* **Work instruction**: Reproduce each line below precisely. Drop the pictures.

* **The data**:
┏━━

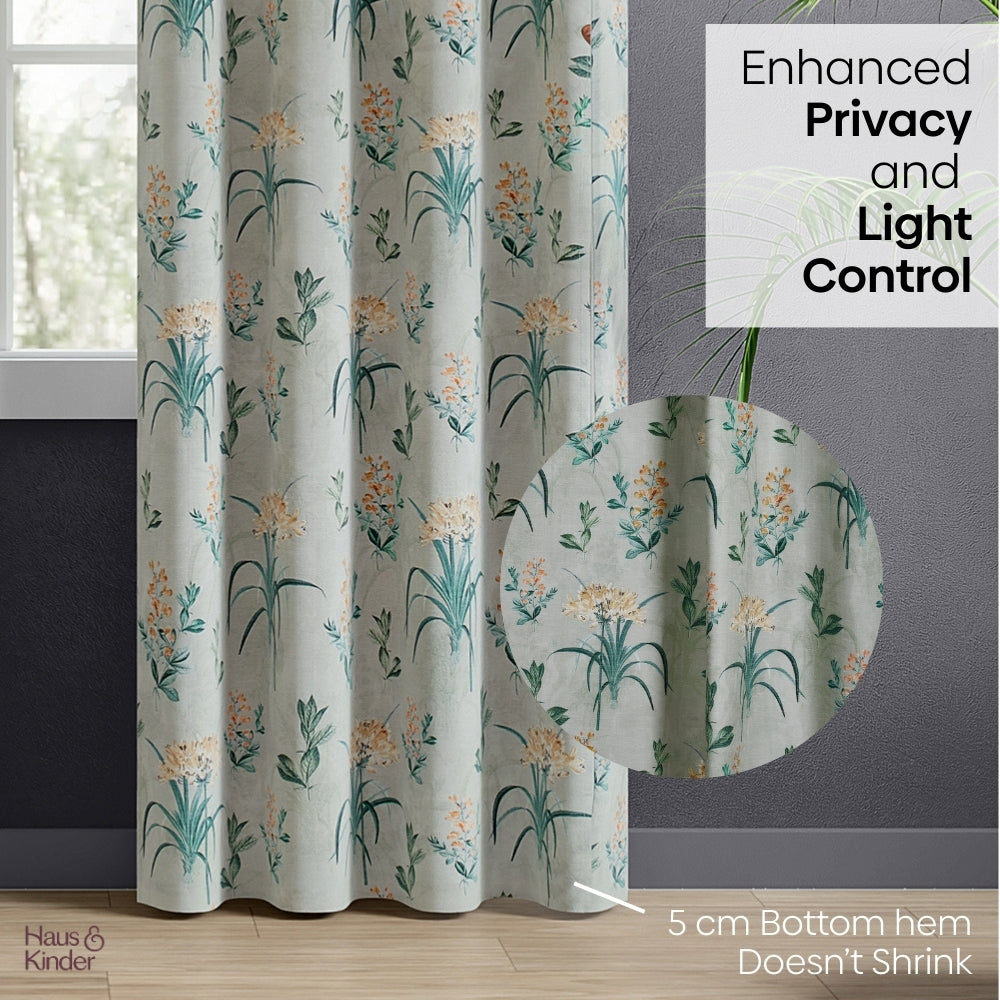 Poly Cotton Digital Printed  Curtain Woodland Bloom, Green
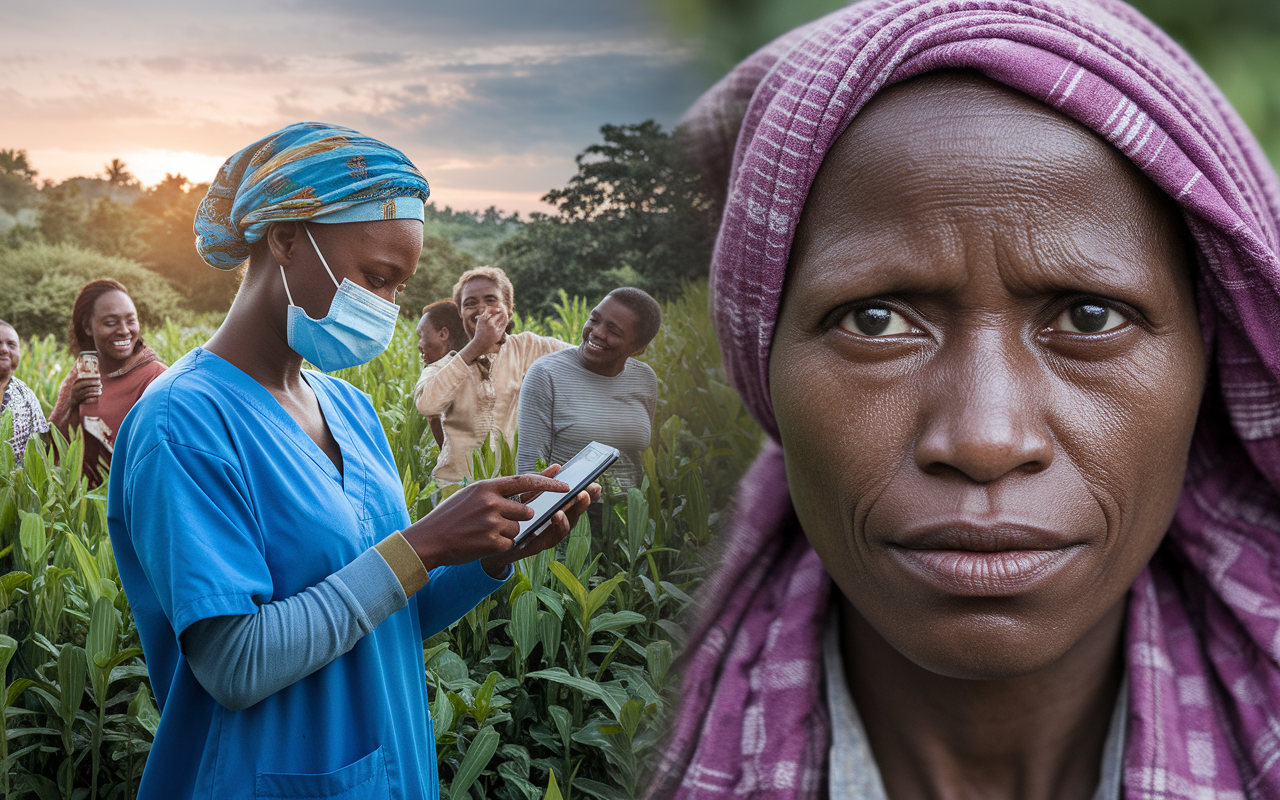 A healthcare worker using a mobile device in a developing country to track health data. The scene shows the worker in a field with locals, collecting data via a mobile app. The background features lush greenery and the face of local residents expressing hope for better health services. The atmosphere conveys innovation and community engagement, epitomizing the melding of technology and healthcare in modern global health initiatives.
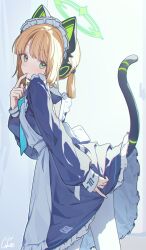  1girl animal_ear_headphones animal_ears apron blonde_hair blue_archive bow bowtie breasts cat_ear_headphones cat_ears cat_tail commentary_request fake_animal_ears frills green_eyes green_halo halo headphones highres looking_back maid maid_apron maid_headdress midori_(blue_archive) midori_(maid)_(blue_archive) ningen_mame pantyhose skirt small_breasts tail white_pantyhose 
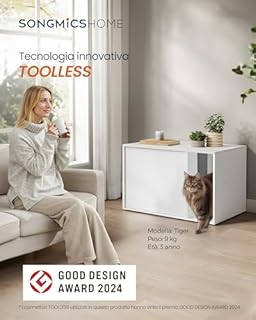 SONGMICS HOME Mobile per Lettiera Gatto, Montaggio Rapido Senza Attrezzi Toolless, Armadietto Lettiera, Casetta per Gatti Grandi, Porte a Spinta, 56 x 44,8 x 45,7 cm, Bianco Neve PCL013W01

┗━━

* **Solution to this task**:
 Poly Cotton Digital Printed  Curtain Woodland Bloom, Green
 A healthcare worker using a mobile device in a developing country to track health data. The scene shows the worker in a field with locals, collecting data via a mobile app. The background features lush greenery and the face of local residents expressing hope for better health services. The atmosphere conveys innovation and community engagement, epitomizing the melding of technology and healthcare in modern global health initiatives.
  1girl animal_ear_headphones animal_ears apron blonde_hair blue_archive bow bowtie breasts cat_ear_headphones cat_ears cat_tail commentary_request fake_animal_ears frills green_eyes green_halo halo headphones highres looking_back maid maid_apron maid_headdress midori_(blue_archive) midori_(maid)_(blue_archive) ningen_mame pantyhose skirt small_breasts tail white_pantyhose 
 SONGMICS HOME Mobile per Lettiera Gatto, Montaggio Rapido Senza Attrezzi Toolless, Armadietto Lettiera, Casetta per Gatti Grandi, Porte a Spinta, 56 x 44,8 x 45,7 cm, Bianco Neve PCL013W01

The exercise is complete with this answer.